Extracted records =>
----

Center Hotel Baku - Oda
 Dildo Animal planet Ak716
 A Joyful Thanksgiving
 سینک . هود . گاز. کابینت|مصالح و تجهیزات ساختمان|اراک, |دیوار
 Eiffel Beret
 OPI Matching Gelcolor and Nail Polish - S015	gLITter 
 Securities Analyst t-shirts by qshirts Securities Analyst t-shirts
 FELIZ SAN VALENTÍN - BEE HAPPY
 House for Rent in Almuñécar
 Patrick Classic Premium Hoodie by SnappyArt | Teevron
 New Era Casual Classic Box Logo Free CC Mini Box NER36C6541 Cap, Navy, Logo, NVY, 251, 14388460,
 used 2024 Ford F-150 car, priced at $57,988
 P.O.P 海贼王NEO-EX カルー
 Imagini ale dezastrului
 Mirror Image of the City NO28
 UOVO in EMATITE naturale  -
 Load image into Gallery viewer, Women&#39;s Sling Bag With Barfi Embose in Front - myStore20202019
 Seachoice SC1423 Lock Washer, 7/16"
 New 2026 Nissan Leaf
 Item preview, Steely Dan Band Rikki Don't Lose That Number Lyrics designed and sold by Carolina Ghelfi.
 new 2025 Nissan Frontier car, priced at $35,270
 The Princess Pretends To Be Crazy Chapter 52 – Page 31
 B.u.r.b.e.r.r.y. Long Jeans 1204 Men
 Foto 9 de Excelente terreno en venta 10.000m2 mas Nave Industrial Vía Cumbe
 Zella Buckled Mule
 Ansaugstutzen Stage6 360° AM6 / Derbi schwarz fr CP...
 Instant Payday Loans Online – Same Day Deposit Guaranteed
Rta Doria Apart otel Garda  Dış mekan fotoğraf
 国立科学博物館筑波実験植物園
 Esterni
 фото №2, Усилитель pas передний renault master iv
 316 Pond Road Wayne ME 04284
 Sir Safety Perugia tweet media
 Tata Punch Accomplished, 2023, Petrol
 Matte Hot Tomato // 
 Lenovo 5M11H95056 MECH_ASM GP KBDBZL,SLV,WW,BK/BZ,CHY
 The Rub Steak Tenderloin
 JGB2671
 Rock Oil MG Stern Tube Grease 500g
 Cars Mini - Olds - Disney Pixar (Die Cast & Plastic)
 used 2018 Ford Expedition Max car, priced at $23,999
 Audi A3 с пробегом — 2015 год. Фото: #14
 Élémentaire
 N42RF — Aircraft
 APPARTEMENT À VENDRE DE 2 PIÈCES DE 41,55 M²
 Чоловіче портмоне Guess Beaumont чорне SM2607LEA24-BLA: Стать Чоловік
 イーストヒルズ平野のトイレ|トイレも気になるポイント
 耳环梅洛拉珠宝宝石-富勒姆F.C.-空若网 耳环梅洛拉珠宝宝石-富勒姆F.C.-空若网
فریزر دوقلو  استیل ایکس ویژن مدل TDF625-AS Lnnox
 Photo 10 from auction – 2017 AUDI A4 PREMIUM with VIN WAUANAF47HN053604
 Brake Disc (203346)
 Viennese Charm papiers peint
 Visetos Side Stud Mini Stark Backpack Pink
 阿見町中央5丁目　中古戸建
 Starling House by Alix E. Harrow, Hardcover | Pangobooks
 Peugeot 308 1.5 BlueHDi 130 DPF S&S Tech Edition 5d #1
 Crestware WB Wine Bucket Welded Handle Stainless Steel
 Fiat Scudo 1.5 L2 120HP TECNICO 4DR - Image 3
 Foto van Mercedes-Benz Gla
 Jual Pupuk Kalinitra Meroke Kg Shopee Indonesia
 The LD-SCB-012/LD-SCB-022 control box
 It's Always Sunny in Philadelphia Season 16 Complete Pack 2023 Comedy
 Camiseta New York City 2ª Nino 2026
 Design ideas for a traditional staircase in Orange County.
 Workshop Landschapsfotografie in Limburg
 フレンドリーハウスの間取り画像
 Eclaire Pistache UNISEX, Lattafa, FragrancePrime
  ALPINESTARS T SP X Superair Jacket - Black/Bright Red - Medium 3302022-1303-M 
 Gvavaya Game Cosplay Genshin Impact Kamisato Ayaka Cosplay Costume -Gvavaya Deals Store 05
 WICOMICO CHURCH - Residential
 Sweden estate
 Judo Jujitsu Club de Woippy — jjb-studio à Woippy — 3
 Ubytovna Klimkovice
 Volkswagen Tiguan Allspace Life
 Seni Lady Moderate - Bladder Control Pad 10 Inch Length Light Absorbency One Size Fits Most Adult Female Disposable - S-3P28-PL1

----

TASK REQUIREMENTS => Every line holding the string "used" should be copied here, so please find those lines in the data.

SOLUTION TO THIS TASK =>
 used 2024 Ford F-150 car, priced at $57,988
 used 2018 Ford Expedition Max car, priced at $23,999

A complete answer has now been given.